_What you should do_: From the line with "Kojiin Tamer Chapter 29 Gambar 13" to the line with "People To Punch Book", retype each line exactly as it stands in the records below, but skip the pictures.

_Information supplied_:
Start of Block
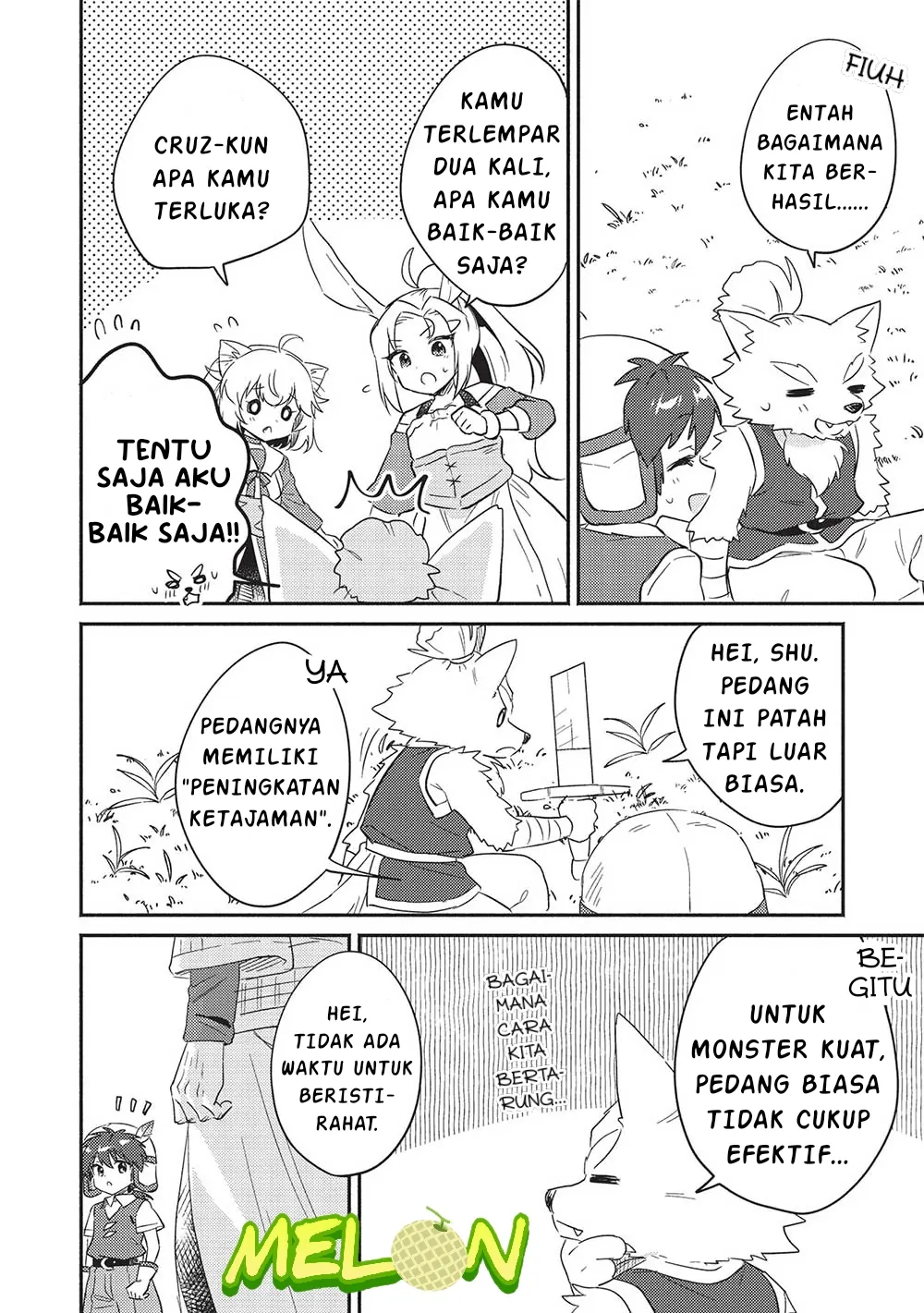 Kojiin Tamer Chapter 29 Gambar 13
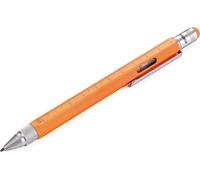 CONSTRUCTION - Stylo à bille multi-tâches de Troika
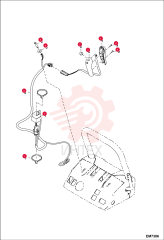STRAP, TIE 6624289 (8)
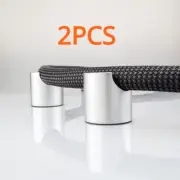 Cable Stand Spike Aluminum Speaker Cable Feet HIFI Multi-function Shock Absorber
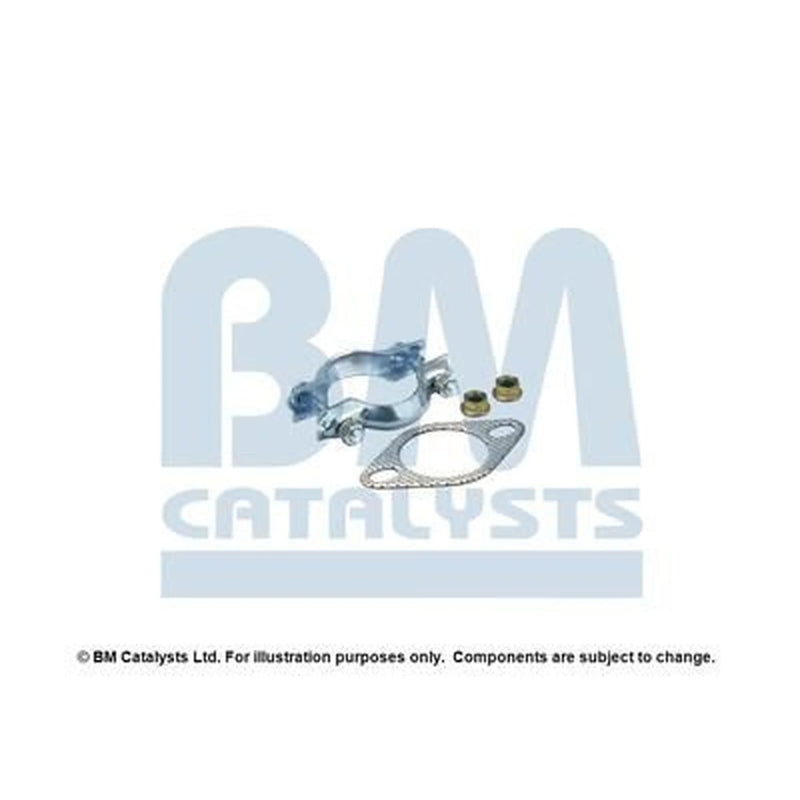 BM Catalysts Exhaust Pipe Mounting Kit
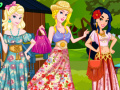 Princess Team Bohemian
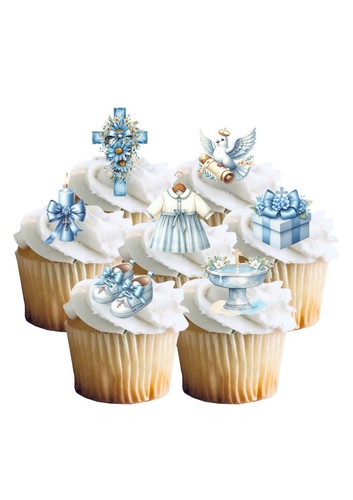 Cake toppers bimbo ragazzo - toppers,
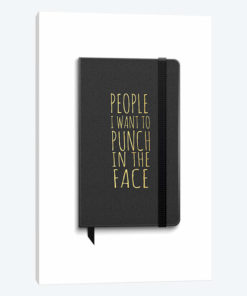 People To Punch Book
End of Block
Start of Block
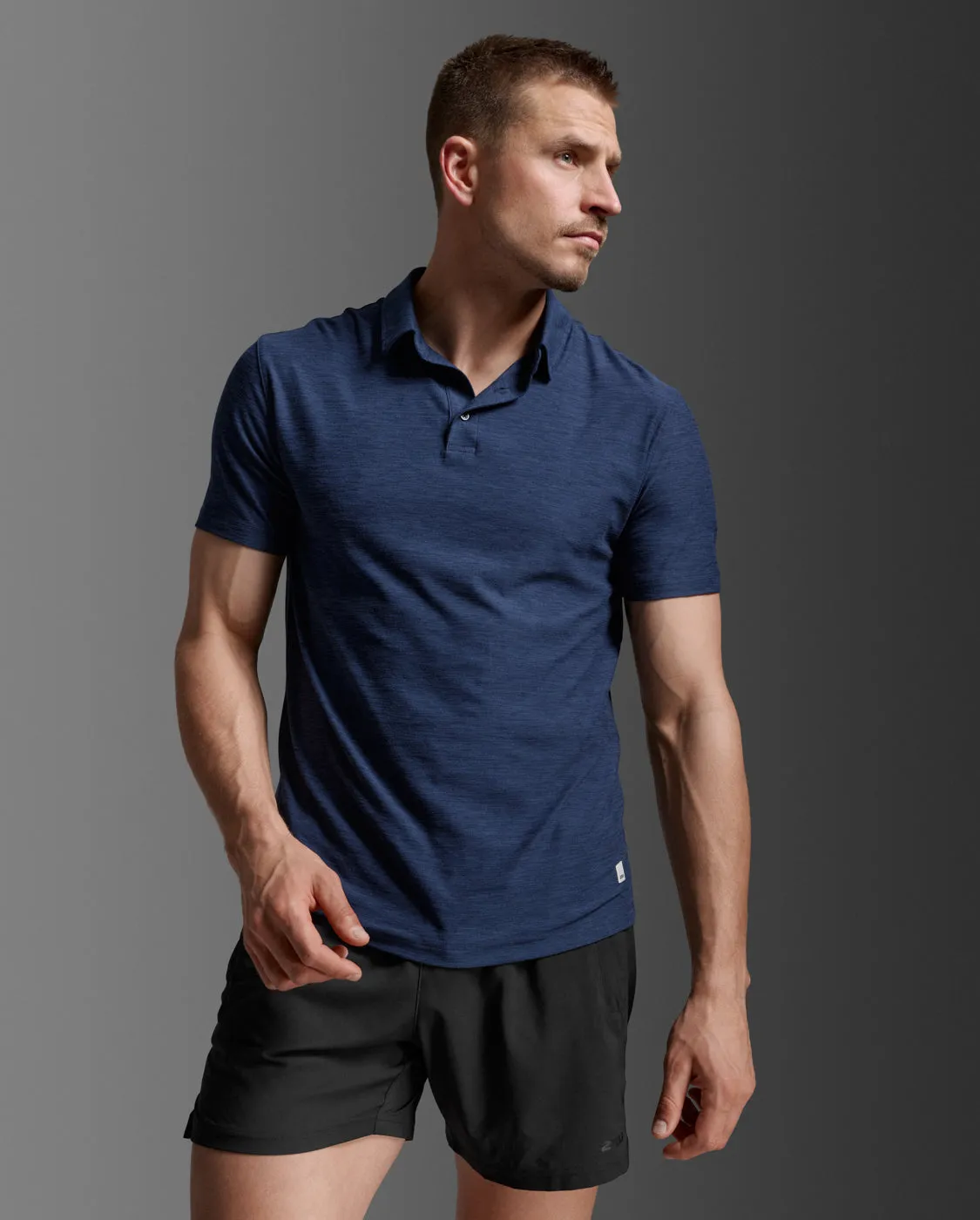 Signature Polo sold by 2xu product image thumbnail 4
End of Block
_Result_:
 Kojiin Tamer Chapter 29 Gambar 13
 CONSTRUCTION - Stylo à bille multi-tâches de Troika
STRAP, TIE 6624289 (8)
 Cable Stand Spike Aluminum Speaker Cable Feet HIFI Multi-function Shock Absorber
 BM Catalysts Exhaust Pipe Mounting Kit
 Princess Team Bohemian
 Cake toppers bimbo ragazzo - toppers,
 People To Punch Book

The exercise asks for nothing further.